0

I'm trying to find my most common words used in a whatsapp chat exported to a .txt file. This code works...

from collections import Counter
import re
words = re.findall(r'\w+', open('chat.txt').read().lower())
print(Counter(words).most_common(10))

...however it's including all the dates as well as my own name and the recipients name. What can I add so it ignores certain words? (I'm sure there's a very simple solution but I'm very new to python.) Thanks!

Edit:

I didn't explain my question very well I now understand. I realised I can't be very specific as I have mainly just been copying code example and experimenting with what works rather than analysing the code itself.

I'm trying to find the most common word in a .txt file that is an archived whatsapp chat, a little boring example:

"[06/12/2017, 18:09:10] Name1 Surname1: just on the tube now

[06/12/2017, 18:09:29] Name1 Surname1: takes me like 25 mins so I’m gunna be cutting it fine

[06/12/2017, 18:36:16] Name2 Surname2: I’m just waiting by platform 11

[16/12/2017, 00:06:34] Name2 Surname2: My message isn’t sending

[16/12/2017, 00:10:55] Name1 Surname1: ?

[16/12/2017, 00:11:14] Name1 Surname1: for some reason these have only just come through"
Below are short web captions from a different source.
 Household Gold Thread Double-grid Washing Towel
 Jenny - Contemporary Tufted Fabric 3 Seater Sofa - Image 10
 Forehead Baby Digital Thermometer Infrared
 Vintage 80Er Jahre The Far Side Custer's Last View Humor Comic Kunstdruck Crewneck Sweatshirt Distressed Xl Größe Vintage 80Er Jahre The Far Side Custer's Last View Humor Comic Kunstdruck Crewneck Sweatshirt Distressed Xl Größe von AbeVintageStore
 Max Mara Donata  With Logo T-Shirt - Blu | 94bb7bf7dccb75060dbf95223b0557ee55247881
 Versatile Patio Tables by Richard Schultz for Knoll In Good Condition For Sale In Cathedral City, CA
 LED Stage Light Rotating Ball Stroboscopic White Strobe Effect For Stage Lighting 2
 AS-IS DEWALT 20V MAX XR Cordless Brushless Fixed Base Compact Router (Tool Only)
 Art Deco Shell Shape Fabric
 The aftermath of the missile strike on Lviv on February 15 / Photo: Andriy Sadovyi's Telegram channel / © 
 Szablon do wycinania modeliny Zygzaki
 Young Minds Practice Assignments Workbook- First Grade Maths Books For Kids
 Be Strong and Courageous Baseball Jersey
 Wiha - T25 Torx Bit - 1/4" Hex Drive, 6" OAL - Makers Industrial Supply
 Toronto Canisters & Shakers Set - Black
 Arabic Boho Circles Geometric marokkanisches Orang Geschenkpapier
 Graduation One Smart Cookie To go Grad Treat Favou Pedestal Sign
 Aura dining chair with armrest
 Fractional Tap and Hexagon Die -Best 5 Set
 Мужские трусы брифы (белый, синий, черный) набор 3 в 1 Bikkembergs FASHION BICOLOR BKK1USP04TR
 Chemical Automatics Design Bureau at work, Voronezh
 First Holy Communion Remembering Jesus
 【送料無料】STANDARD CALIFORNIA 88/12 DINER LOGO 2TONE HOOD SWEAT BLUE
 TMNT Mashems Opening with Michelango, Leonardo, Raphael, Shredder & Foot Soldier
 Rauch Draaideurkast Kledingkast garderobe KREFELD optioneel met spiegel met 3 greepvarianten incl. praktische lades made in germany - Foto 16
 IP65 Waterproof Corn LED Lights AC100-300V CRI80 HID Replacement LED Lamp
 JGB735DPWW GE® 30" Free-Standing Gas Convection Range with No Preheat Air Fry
In the first edit of this post using the code above, this was the result:

[('2018', 8552), ('name1', 6753), ('surname1', 6625), ('02', 4520), ('03', 3810), ('i', 3322), ('you', 2275), ('name2', 2016), ('01', 1995), ('surname2', 1991)]

So it was including the dates and names, which I want to exclude.

This code however:

from collections import Counter

with open('_chat.txt') as fin:
counter = Counter(fin.read().strip().split())

print(counter.most_common(10))

Doesn't include numbers. However, it does still include a few unwanted words like the names and "meaningless" words like 'the' and 'and':

[('Name1', 6686), ('Surname1:', 6615), ('I', 2277), ('Name2', 2000), ('Surname2:', 1990), ('you', 1714), ('to', 1488), ('and', 1084), ('a', 885), ('the', 881)]

What can I add to this to remove these kinds of words?

I understand this is similar to How do I remove entries within a Counter object with a loop without invoking a RuntimeError? but when I've tried to format my code similarly to this it hasn't been successful, and am a little confused by how this works too. (Sorry for being dense, when I say I'm very new to python I mean very very new.)

PEOlhc
  • 9
  • 3
  • Possible duplicate of [How do I remove entries within a Counter object with a loop without invoking a RuntimeError?](https://stackoverflow.com/questions/7154312/how-do-i-remove-entries-within-a-counter-object-with-a-loop-without-invoking-a-r) – Anton vBR Apr 01 '18 at 22:08
  • Have you tried a more refined regex? `\w+` is too broad. – Gomes J. A. Apr 01 '18 at 22:09
  • You could try to store Counter(words) to a variable. Apply loop (follow the dupe) to remove undesired elements and lastly get the most common. – Anton vBR Apr 01 '18 at 22:09
  • 1
    We can't help you much here since we do not know why you are using `\w+`, what format the dates are in, nor the sample input. Please edit the question so that it could be answerable. – Wiktor Stribiżew Apr 01 '18 at 22:34
  • I've edited the question, not sure if that makes any more sense. Sorry for the confusion :-( – PEOlhc Apr 03 '18 at 12:11
  • If the text is really formatted with newlines as you've shown, I would suggest looping over the lines and using `defaultdict` like `for line in lines: for word in line.split(): defaultdict[word] += 1`, except you skip over the first 4 words. – Nimitz14 Apr 03 '18 at 12:14

1 Answers1

0

Looking at your input I'd recommend cleaning it before you put it into the Counter.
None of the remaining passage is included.